Именно это самое и втолковывает Дон Кихот гогочущей толпе (шестеро шелкоторговцев, семеро слуг) на проселочной дороге.
Выходит, дело не в том, кто первая в мире красавица; даже и не в том, кто первый боец; безумие Дон Кихота куда глубже таких глупостей. Он требует соучастия, причем не понарошке, а по-настоящему: как в первосортном рыцарском романе, — и пусть каждый исполнит свою роль добросовестно. Веру ему подавай. То есть даже не просто примите на веру, а именно уверуйте — явно и несомненно подразумевается переживание, подобное религиозному, — не то изрублю в капусту. Прямо какое-то крещение Руси. Не так давно — в 1492 году — Испания примерно такую же альтернативу предложила своим иудеям.
И в дальнейшем, если разобраться, Дон Кихот только и делает, что воюет за веру — точней, обращает неверных. Кого приглашает, кого понуждает (а ему — в лучшем случае — подыгрывают) разделить с ним почитание каких-то страшно важных для него ценностей — либо истин.

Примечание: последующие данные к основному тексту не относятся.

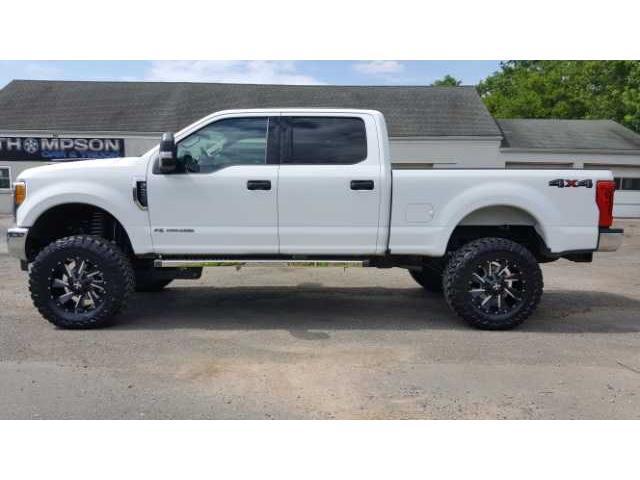Low miles 2017 Ford F 250 Super Duty XLT lifted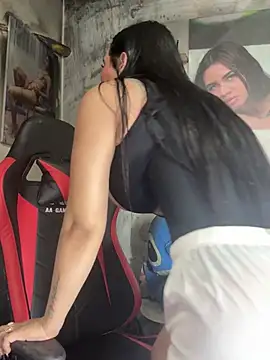 innocenttemplegirl's Live XXX Chat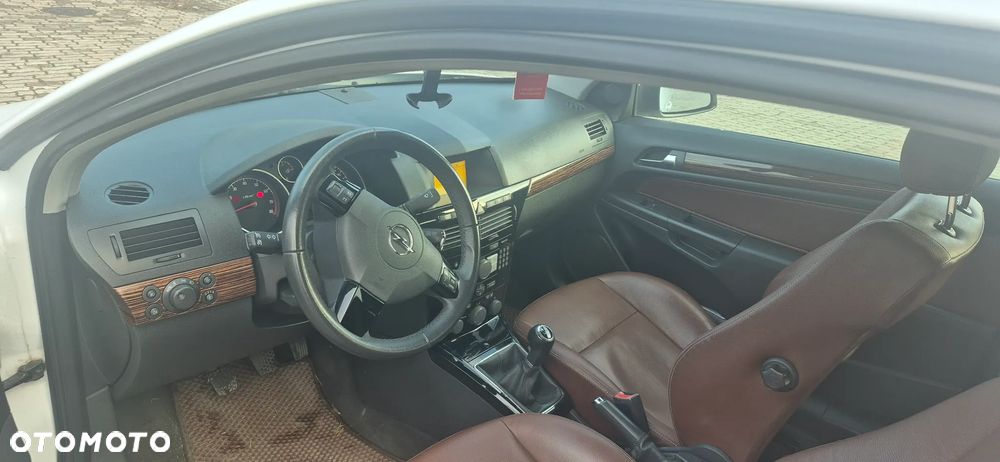 Opel Astra 1.8 Cosmo - 16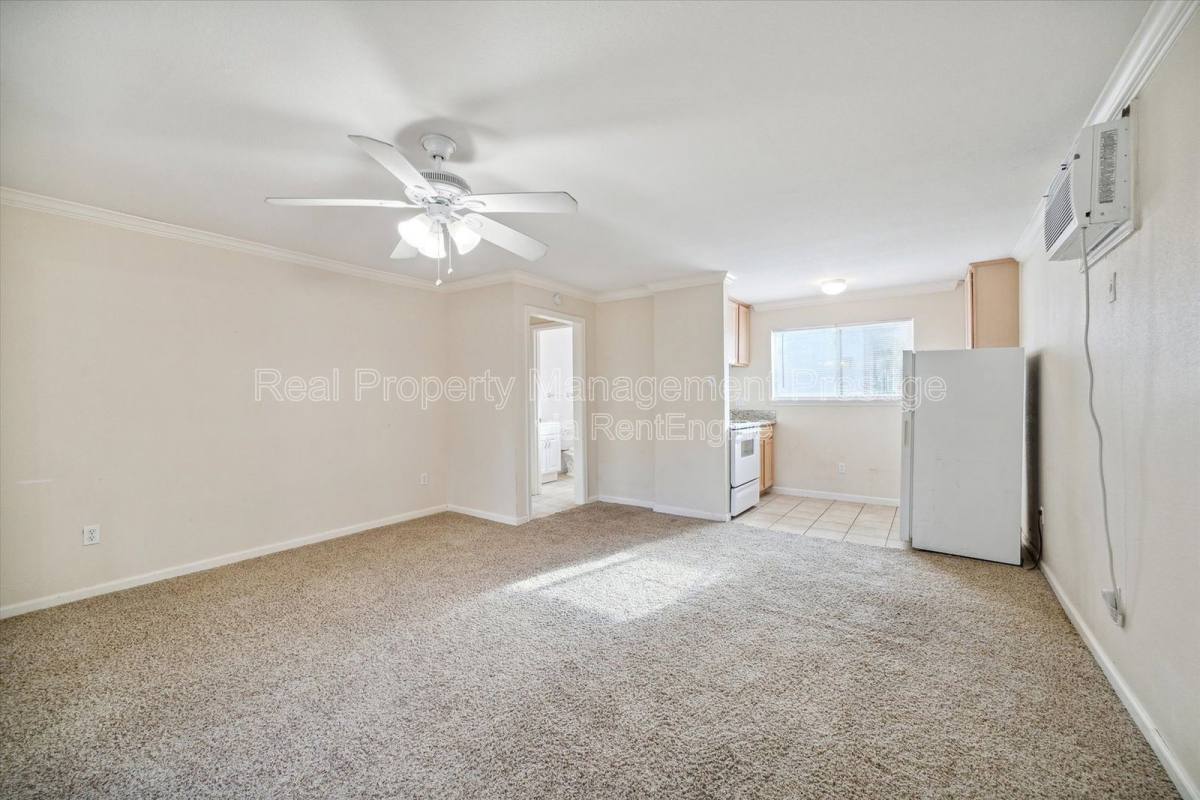 Apartment for rent at 1522 Yale St #23, Houston, TX 77008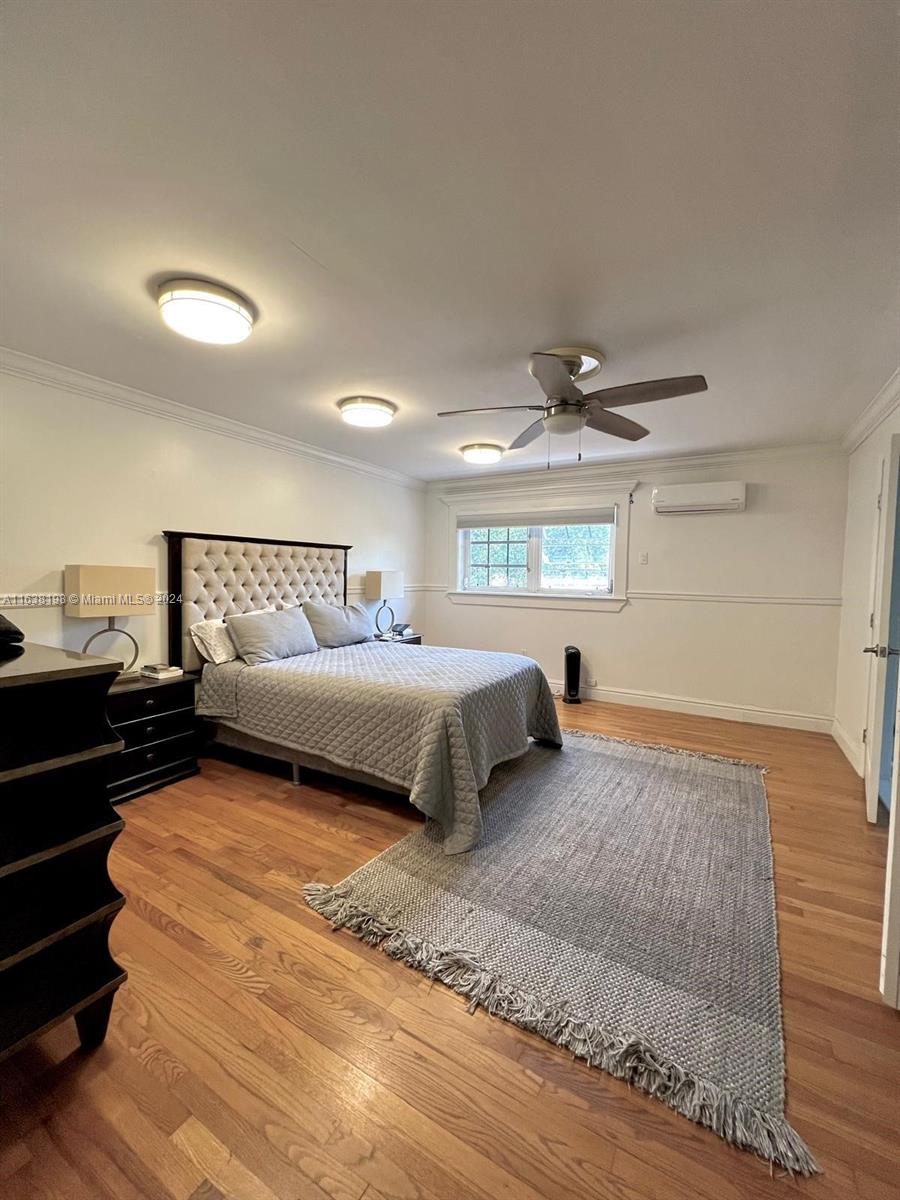 5209 Riviera Dr # 5209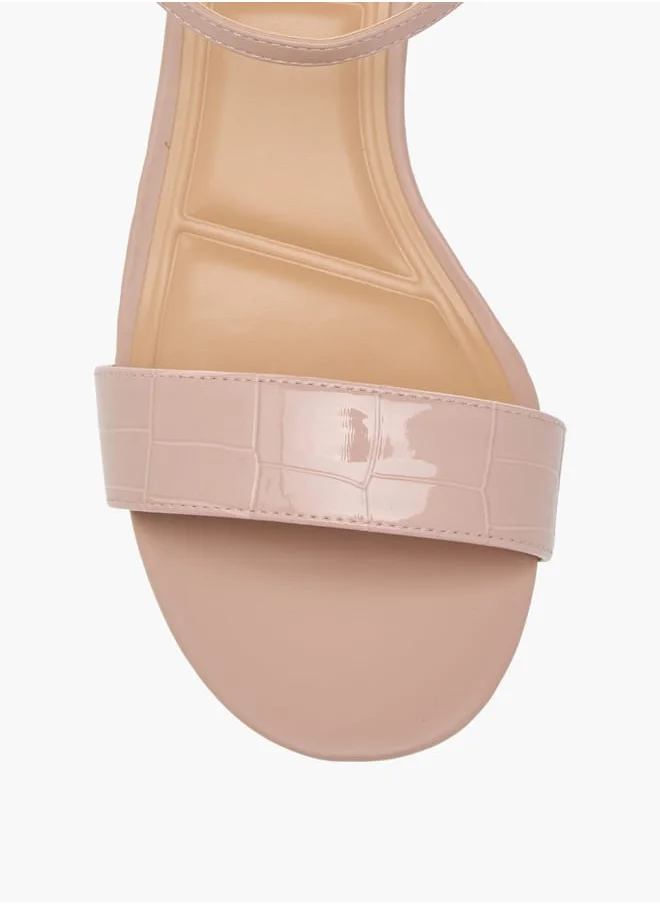 سيليست Women's Textured Sandals with Block Heels and Buckle Closure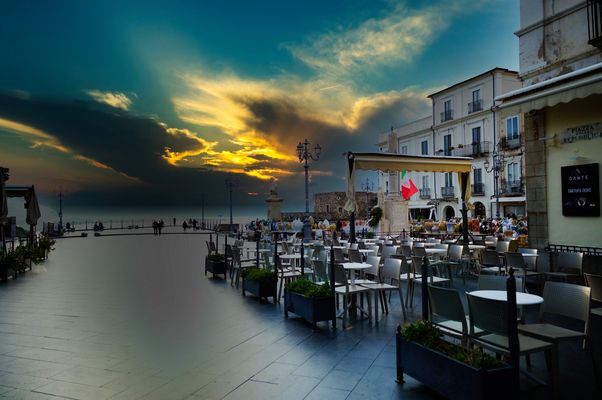 PIAZZA  DI PIZZO CALABRO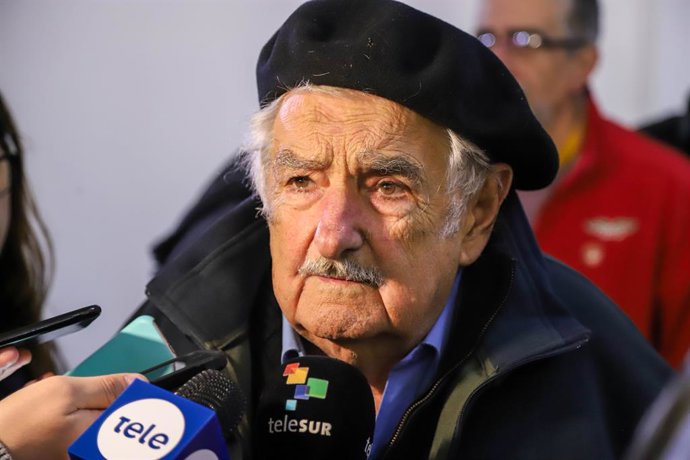 Archivo - 30 de junho de 2019 - Montevidéu, Uruguai - O ex-presidente do Uruguai José Mujica fala à mídia durante o evento.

Спрашивается: каких? Вот он, угрожая мечом, приказывает этим самым шелкопрядам уверовать — во что? или в кого? Неужто в императрицу Ламанчскую, лично им придуманную не далее как позавчера, притом исключительно как аксессуар (у положительного героя наиболее завлекательных книг непременно имеются конь и дама)? Лет двенадцать назад был влюблен в крестьянскую девочку — при встрече не узнал бы в обветренной тетке, — отчего ему до смерти (чужой, своей) хочется, чтобы как можно больше посторонних искренне — искренне! — считали, что она и теперь всех румяней и белее? или чтобы, по крайности, верили — но тоже без тени сомнения, — что в этот ослепительный факт всем сердцем верует он…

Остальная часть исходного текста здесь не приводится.